Company under tuition assistance probe co-owned by ATF employee

A longtime employee of the Bureau of Alcohol, Tobacco, Firearms and Explosives owned one of the companies being investigated by Montgomery County officials for allegedly using a taxpayer-supported tuition assistance program to sell guns at steep discounts, state records show and county officials confirmed.

ATF program manager Gary Schaible is listed in state incorporation records as a co-owner of Global Law Enforcement Advisory Group, which county officials said may have improperly used money from a tuition assistance program to give $200 flashlights to course participants in 2007.

Sheriff Raymond Kight said Schaible was also an instructor for Global or the company it later became, Applied Sciences for Public Safety.

Kight said his office would continue to investigate Schaible’s involvement with the companies and whether he sold guns to course participants.

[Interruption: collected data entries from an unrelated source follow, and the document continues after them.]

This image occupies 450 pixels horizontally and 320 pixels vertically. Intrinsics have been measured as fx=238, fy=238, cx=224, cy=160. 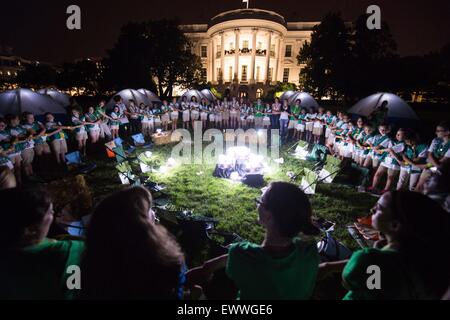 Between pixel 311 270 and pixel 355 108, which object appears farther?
pixel 355 108

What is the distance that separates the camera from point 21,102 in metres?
11.1

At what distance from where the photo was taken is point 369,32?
30.4m

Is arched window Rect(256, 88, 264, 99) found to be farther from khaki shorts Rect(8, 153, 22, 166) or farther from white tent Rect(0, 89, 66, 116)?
khaki shorts Rect(8, 153, 22, 166)

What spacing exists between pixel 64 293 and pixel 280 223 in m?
1.72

Schaible works in the ATF’s D.C. office as a program manager and has been at the agency since 1972, a bureau spokeswoman said. The Examiner has left multiple messages for Schaible over several weeks seeking comment. He has not returned those calls.

The Examiner first reported that two Montgomery County police officers also are listed on state incorporation records as owners of Global. The company was dissolved last week, records show. Incorporation records for Applied Sciences don’t indicate who owns the company.

Last month, Kight notified county officials that Applied Sciences was offering county public safety employees a $1,000 sniper rifle for about $400 this year and had offered Glock handguns, valued at about $500, for about $50 last year. Kight told The Examiner that subsequent investigations found that the guns were sold for $99.

An expired Facebook page for Applied Sciences advertising for an “undercover conceal carry” class lists a $99 Glock as part of the class.

About 100 public safety employees signed up for classes with Applied Sciences this year, and Kight said at least one of his deputies bought a sniper rifle and several bought handguns before the county froze payments for the classes.

Applied Sciences’ lawyer has publicly denied any wrongdoing, but the county has suspended all payments to the company. Both Applied Sciences and Global Law Enforcement are being investigated by Kight’s office, the county attorney and the inspector general.